HHVM rather than PHP

hhvm is Facebook's open-source virtual machine for executing PHP. It can offer a significant speed-up in performance over running the traditional PHP interpreter before PHP 7. It also supports the Hack language which is a variant on PHP. hhvm works for both Linux and for Macos, but at this time (mid-2018) did not seem to be available for Windows. hhvm seemed to require slightly more memory to work without crashing, so make sure your machine has at least 8GB of memory.
  1. If on a Mac, install the Homebrew package manager.
  2. Install hhvm if it is not already installed. On Linux:
     sudo apt install hhvm
    
    on a Mac:
     sudo brew install hhvm
    
  3. Download Yioop and use mv to rename the Yioop folder to yioop.
  4. cd into the yioop folder.
  5. Run Yioop:
     hhvm index.php
    
    this will run the web server on port 8080. To run on some other port:
     sudo hhvm index.php some_other_port_number
    
  6. In a browser, go to the page http://localhost:8080/ . You should see the default search landing page for Yioop. Click sign in and fill in the form as:
     Login: root
     Password: (leave blank)
    
  7. Now go to Yioop => Configure and alter the following settings:
     Search Engine Work Directory: (don't change)
     Default Language: (choose the language you want, or for now leave as English)
     Debug Display: (don't change)
     Search Access: (don't change)
     Crawl Robot Name: TestBot
     Robot Description: This bot is for test purposes. It respects robots.txt
    
    The crawl robot name is what will appear together with a url to a bot.php page in web server log files of sites you crawl.

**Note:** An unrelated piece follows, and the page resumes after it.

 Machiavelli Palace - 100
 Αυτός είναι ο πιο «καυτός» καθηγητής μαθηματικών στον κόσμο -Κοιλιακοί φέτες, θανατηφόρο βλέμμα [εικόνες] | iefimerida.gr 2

The bot.php page will display what you write in robot description. This should give contact information in case your robot misbehaves. Obviously, you should customize the above to what you want to say.
  8. Go to Manage Crawls. Click on the options to set up where you want to crawl. Type in a name for the crawl and click start crawl.
  9. Let it crawl for a while, until you see the Total URLs Seen > 1.
  10. Then click Stop Crawl and wait for the crawl to appear in the previous crawls list. Set it as the default crawl. You should be able to search using this index.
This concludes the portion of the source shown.